Hannah Rothschild, The Improbability of Love
Bloomsbury

When lovelorn Annie McDee stumbles across a dirty painting in a junk shop while looking for a present for an unsuitable man, she has no idea what she has discovered. Soon she finds herself drawn unwillingly into the tumultuous London art world, populated by exiled Russian oligarchs, avaricious Sheikas, desperate auctioneers and unscrupulous dealers, all scheming to get their hands on her painting – a lost eighteenth-century masterpiece called ‘The Improbability of Love’. Delving into the painting’s past, Annie will uncover not just an illustrious list of former owners, but some of the darkest secrets of European history – and in doing so she might just learn to open up to the possibility of falling in love again.

Hannah Rothschild is a writer and film director. Her documentary feature films have appeared on the BBC and HBO and at international film festivals. She has written film scripts for Ridley Scott and Working Title, and articles for Vanity Fair, the New York Times, Harper’s Bazaar, Vogue and others. Her first book, The Baroness, a biography, was published in 2012 and has been translated into six languages.
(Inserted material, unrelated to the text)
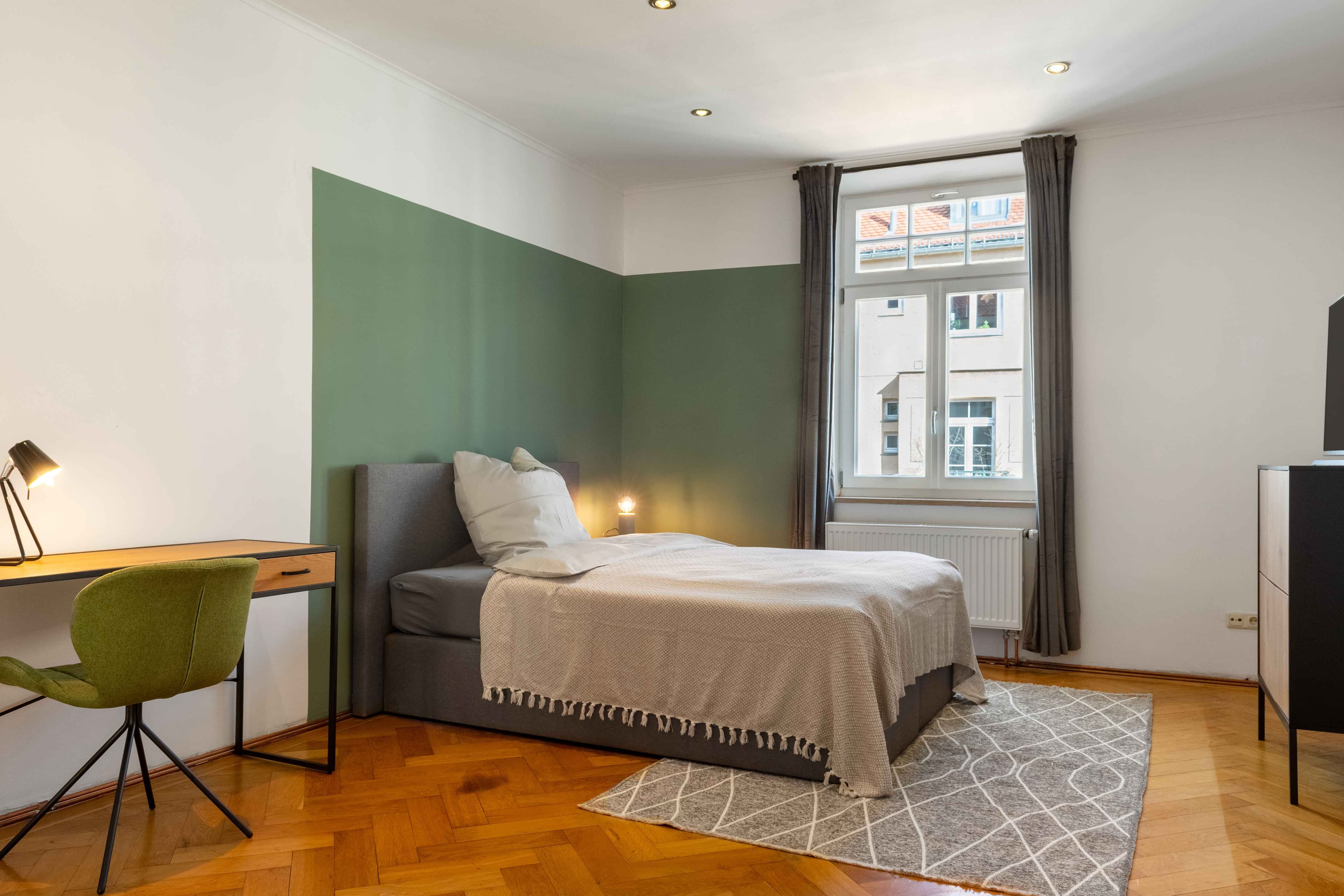 Picture of unit DE-02-004-004-02HF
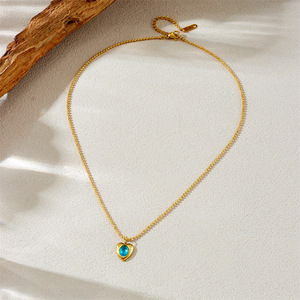 Heart Shape Rhinestone Pendant Necklace Gold Tone Bezel Setting Clavicle Chain Gift Jewelry N3304 - Product Image 2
She is the Chair of the National Gallery, a trustee of the Tate Gallery and Waddesdon Manor, and a Vice President of the Hay Literary Festival. The Improbability of Love, her first novel, was a BBC Radio 2 Book Club pick, one of the Guardian‘s Best Books of 2015 and has been shortlisted for the 2016 Bollinger Everyman Wodehouse Prize. She lives in London.

Hanya Yanagihara, A Little Life
Picador

When four classmates from a small Massachusetts college move to New York to make their way, they’re broke, adrift, and buoyed only by their friendship and ambition. There is kind, handsome Willem, an aspiring actor; JB, a quick-witted, sometimes cruel painter pursuing fame in the art world; Malcolm, a frustrated architect at a prominent firm; and withdrawn, brilliant, enigmatic Jude, who serves as their centre of gravity.

Over the decades, their relationships deepen and darken, tinged by addiction, success, and pride. Yet their greatest challenge, each comes to realize, is Jude himself, by midlife a terrifyingly talented lawyer yet an increasingly broken man, his mind and body scarred by an unspeakable childhood, and haunted by a degree of trauma that he fears he will not only be unable to overcome – but that will define his life forever.

Hanya Yanagihara was born in LA, USA in 1975. Yanagihara is the author of The People in the Trees, shortlisted for the PEN/Robert W. Bingham Prize for Debut Fiction and her novel A Little Life was shortlisted for the 2015 Man Booker Prize. She is Deputy Editor at T Magazine, New York Times and lives in New York City.